UNCLE REMUS, HIS SONGS AND HIS SAYINGS. THE FOLK-LORE OF THE OLD PLANTATION.

(New York: D. Appleton and Company, 1881). 195 x 125 mm. (7 3/4 x 5"). 231 pp. [4] leaves (ads). FIRST EDITION, First State (with "presumptive" on the last line of p. 9 and "A Treatise on the Practice of Medicine" on the first ad page, rather than quotes from reviews of this title).

Publisher's pictorial green cloth, upper cover with gilt portrait of Brer Rabbit smoking a pipe, flat spine with gilt titling, butterfly-patterned endpaper (gilt rules at each end of spine neatly touched up). In a green linen chemise and a (slightly worn) matching dark green morocco-backed slipcase. Illustrated by Frederick S. Church and James H. Moser with frontispiece of "Uncle Remus and His Deceitful Jug," 15 in-text illustrations, and seven wood-engraved plates. Rear pastedown with book label of the Publishers' Bookbindings collection of Ellen K. Morris and Edward S. Levin. BAL 7100; Grolier American 83. AN EXCEPTIONAL COPY, clean, fresh, and bright inside and out.

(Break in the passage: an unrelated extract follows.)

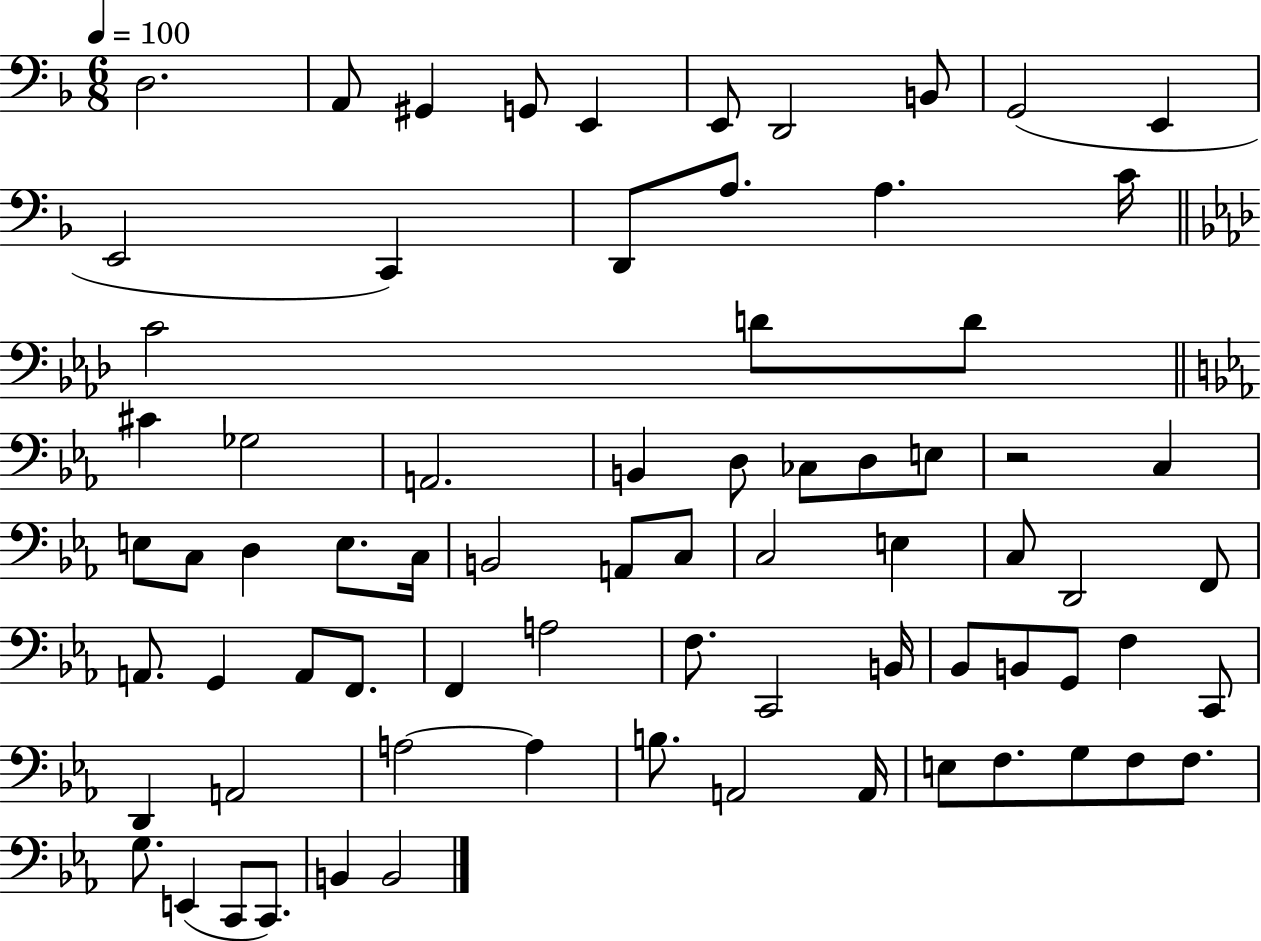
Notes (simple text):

D3/h. A2/e G#2/q G2/e E2/q E2/e D2/h B2/e G2/h E2/q E2/h C2/q D2/e A3/e. A3/q. C4/s C4/h D4/e D4/e C#4/q Gb3/h A2/h. B2/q D3/e CES3/e D3/e E3/e R/h C3/q E3/e C3/e D3/q E3/e. C3/s B2/h A2/e C3/e C3/h E3/q C3/e D2/h F2/e A2/e. G2/q A2/e F2/e. F2/q A3/h F3/e. C2/h B2/s Bb2/e B2/e G2/e F3/q C2/e D2/q A2/h A3/h A3/q B3/e. A2/h A2/s E3/e F3/e. G3/e F3/e F3/e. G3/e. E2/q C2/e C2/e. B2/q B2/h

This is an unsurpassable copy of the first printing of Harris' folk tales learned from African-American slaves, narratives described by the "Grolier American Hundred" as containing "a photographic reproduction of negro folk-lore, in accurate dialect." Harris grew up on a plantation, not as the privileged scion of Southern aristocrats, but as the bastard child of a single mother. The two lived in a small cabin near the slave quarters, where Harris heard stories around the cooking fires, Brer [Brother] Rabbit, and the other characters that would one day populate his tales. He apprenticed as a typesetter on a Confederate newspaper run by Joseph Addison Turner, who gave the young Harris the run of his 6,000-volume library and helped him improve his writing. Subsequently, Harris made a living as a journalist, writing humorous columns for papers in Savannah and Atlanta. Uncle Remus began appearing in these articles in 1876, and was the voice behind 180 stories over the next quarter century. When promoting his first "Uncle Remus" collection in New Orleans, the desperately shy Harris couldn't bring himself to read from his work, so Mark Twain did it for him. According to ANB, Harris' "ability to replicate dialectical patterns of blacks and his recording of folk tradition . . . contributed to the local color movement and created characters and stories influential and popular not only in his own time but worldwide today." Scholars still study his work to trace its roots in African and Native American traditions. This is a commonly-seen book, but, often having been used by uncareful hands, it is almost never found well preserved, and will not be found in finer condition than here. That is because it comes from the splendid collection of publisher's bindings assembled over three decades by Ellen K. Morris and Edward S. Levin. In response to an exhibition of the bindings held at the Grolier Club in 2000, Andrea Krupp, writing in the Papers of the Bibliographical Society of America, praises the "pristine condition" of this "glittering and opulent collection."